This entry was posted on Monday, February 10th, 2020

The College Libraries are pleased to announce The Stono Preserve’s Changing Landscape, a digital history exhibit exploring the archaeology and history of a single geographic space in the South Carolina Lowcountry—a nearly 1,000-acre plot of land twenty miles west of the Charleston peninsula.

Excavations in the Avenue of Oaks. Photograph by Kimberly Pyszka.

Bequeathed to the College by the late naturalist John Henry Dick, the site documents the region’s 300+ year history and the experiences of those who shaped the landscape: indigenous peoples, enslaved laborers, plantation owners, African American tenant farmers, and elite whites.

“The Libraries are excited to have the first digital history exhibit that uses archeology to reveal underrepresented history in the Lowcountry,” said Leah Worthington, the Libraries’ digital projects librarian. “From uncovering the artifacts of indigenous peoples to identifying the rice canals dug by the enslaved peoples to mapping out African American tenant farmers’ homes in the 20th century, the exhibit’s scholars show that Stono Preserve is a space for the College’s scholars and students to continue uncovering the Lowcountry’s underrepresented history.”

The exhibit is produced by the Lowcountry Digital History Initiative (LDHI), an award-winning digital public history project hosted by the Lowcountry Digital Library (LCDL) at the College. LDHI would like to thank the exhibit’s authors, Dr. Kimberly Pyszka and Dr. Maureen Hays, for their support and collaborative effort.

Example of artifacts recovered at the parsonage site.

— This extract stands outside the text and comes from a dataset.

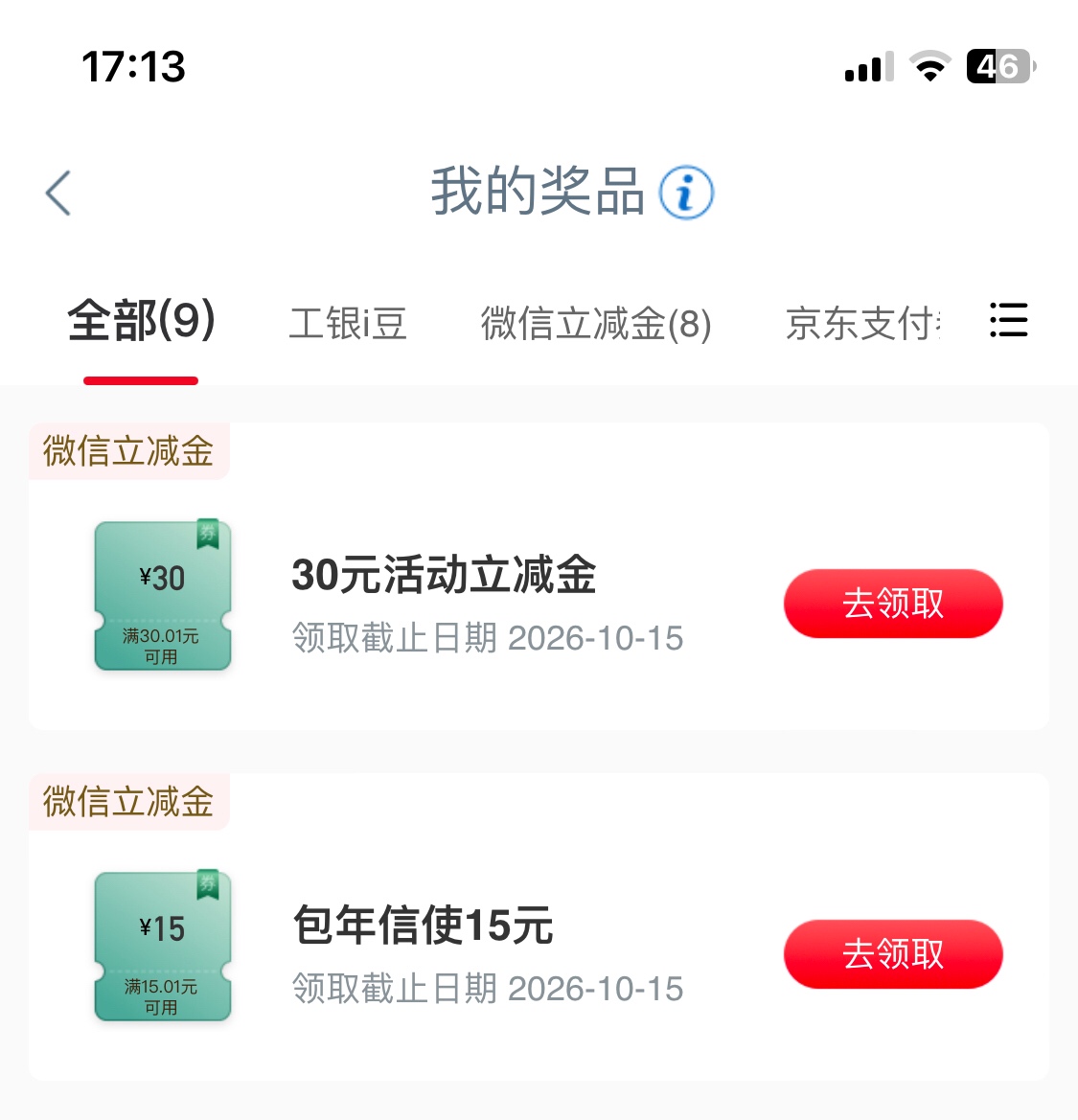 大妈自贡首绑+信使33，深圳信使抽了个保底，打电话秒退润63！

Photograph by Kimberly Pyszka.

“From my first visit to Stono Preserve, I felt an immediate connection to the land and wondered about the people who shaped it,” Dr. Pyszka said. “Through archaeological excavations and historical research, we now know more about their lives and contributions. As an alum, it has been really special to return to the College and help train and mentor the next generation of the College’s anthropology and archaeology graduates.”

“The best thing about this project is knowing the story isn’t finished,” Dr. Hays said. “Stono Preserve isn’t just about weaving stories of the past, it is about the new stories being made there every day by students and faculty.”

From left: History Department Graduate Assistants Cappy Yarbrough and Mills Pennebaker provided curatorial support for the exhibit. Photograph by Vincent Fraley.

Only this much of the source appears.